5 Readable code

5.1 The code you’ll have to read again

The first chapter listed df2, tmp, and final_final as a gift to no one. It’s worth dwelling on why, because readability is the engineering practice with the least obvious payoff and the highest hidden cost. Unreadable code isn’t a tidiness problem; it’s a change problem. You can only safely modify code you understand, and the person who most often has to understand your code is you, six months from now, with no memory of why df2 was different from df or what 0.73 meant.

Code is read far more often than it is written. A cell you wrote once will be read a dozen times — when you debug it, when you extend it, when a colleague reviews it, when you copy it into the next project. Every one of those readings pays a tax if the code is cryptic, and the tax compounds. Readability is the practice of paying that cost down once, at writing time, so that every later reading is cheap.

This is not about aesthetics or pleasing a linter. It’s about making the logic visible, so that understanding the code doesn’t require reconstructing the mental state you were in when you wrote it.

5.2 Names are the cheapest documentation

The single highest-leverage readability habit is naming things for what they are.
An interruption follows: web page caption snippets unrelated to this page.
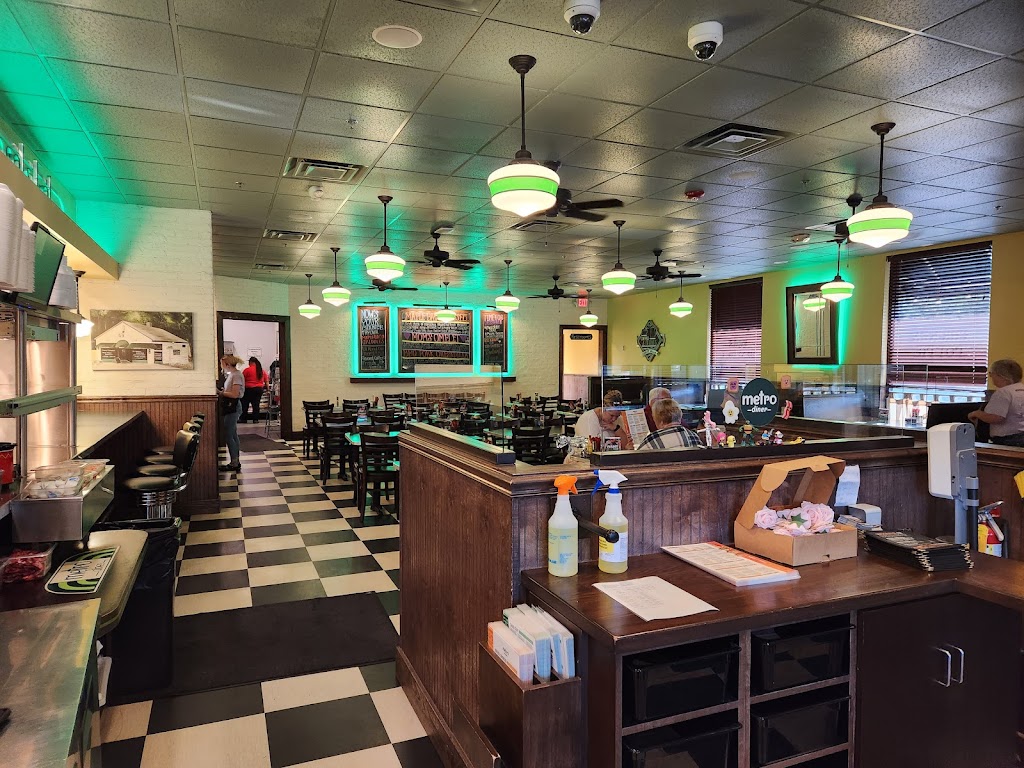 Metro Diner | 4726 Cortez Rd W, Bradenton, FL 34209, USA | Phone: (941) 306-3102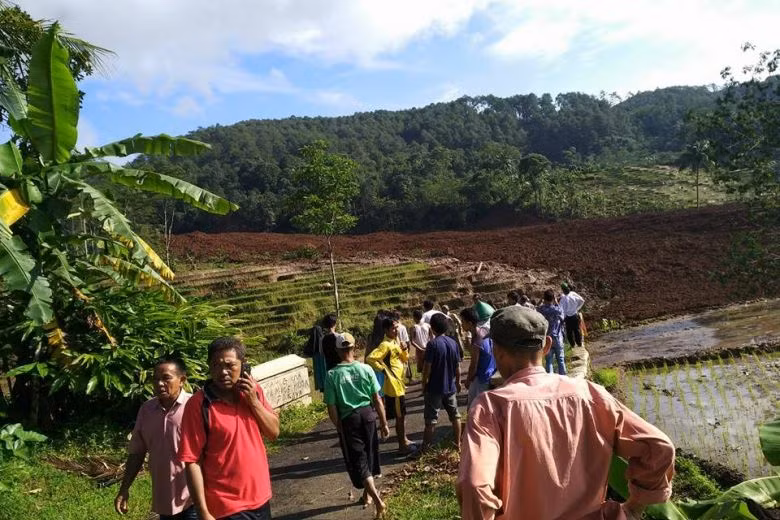 Indonesia: 11 missing in Central Java landslide ảnh 1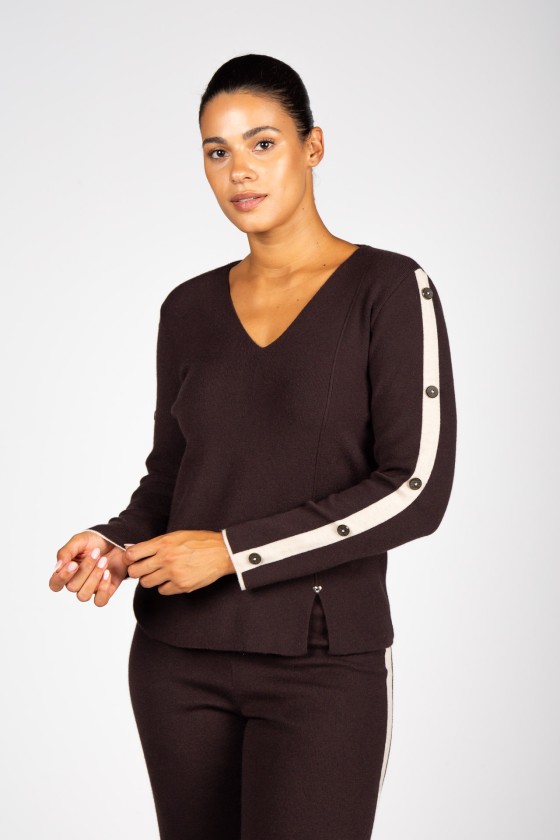 Knit sweater with stripe and buttons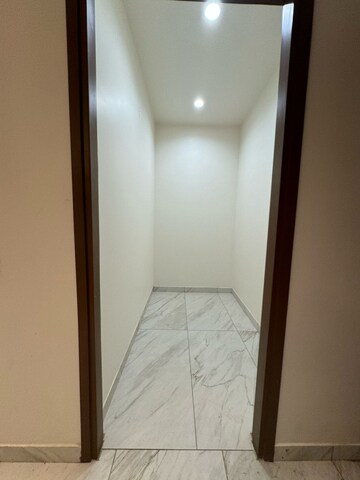 Room in 2 BHK Apartment at Sector 65 – for Sale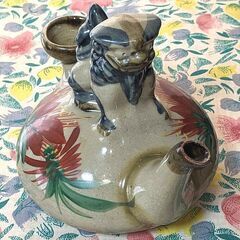 ■琉球焼 中城窯★沖縄・壺屋 赤絵 花文 シーサー摘み 一口カラカラ★徳利 酒器 獅子 ハイビスカス柄◎の画像
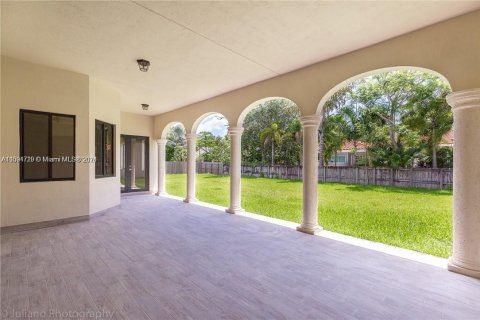 House in Miami, Florida 5 bedrooms, 288.83 sq.m. № 1181624 - photo 20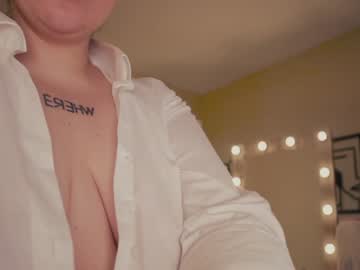 girl
        chery_lady22 cam image #3165192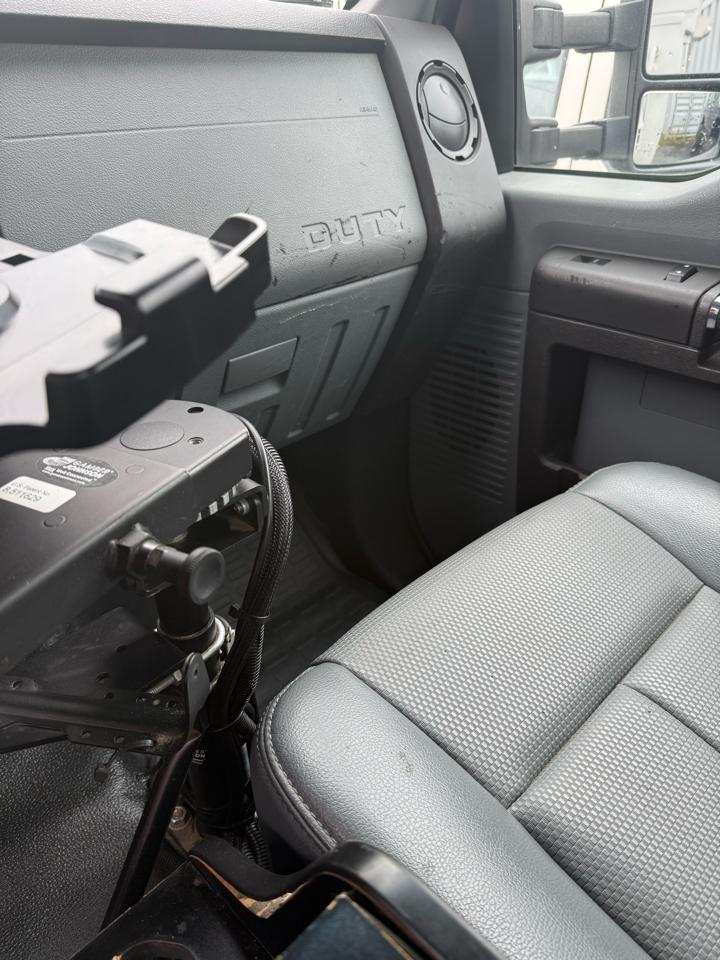 Ford F-550 Regular Cab DRW 4WD 2016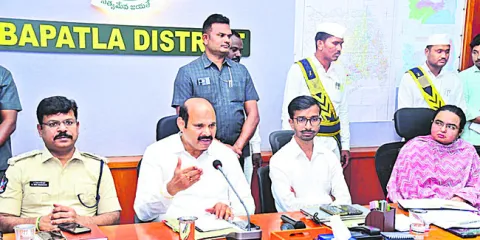 అధికారులు అప్రమత్తంగా ఉండాలి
A variable called high_value_customers tells the reader what it holds; df2 tells them only that there was a df1. A function called filter_high_value announces its job; proc announces nothing. Good names turn code into something close to prose: high_value = filter_high_value(customers, threshold=200) reads as a sentence, and needs no comment.

The same applies to the magic numbers that litter exploratory code. The MAGIC_NUMBER = 0.73 from Chapter 1 — a threshold tuned by hand during some forgotten sprint — is unreadable not because 0.73 is wrong but because the number carries no meaning at the point it’s used. A named constant, CHURN_PROBABILITY_THRESHOLD = 0.73, says what the number is, and gives you one place to change it. Naming is documentation that can’t fall out of date, because it lives in the code rather than alongside it.

5.3 Functions that do one thing

The 400-line cell from Chapter 1 — load, clean, engineer features, train, plot — is unreadable for a structural reason as much as a naming one: it does five things, so to understand any one of them you have to read all five. Breaking it into functions, each doing a single job named for that job, lets a reader understand the shape of the whole from the function names alone, and dive into the detail only where they need to.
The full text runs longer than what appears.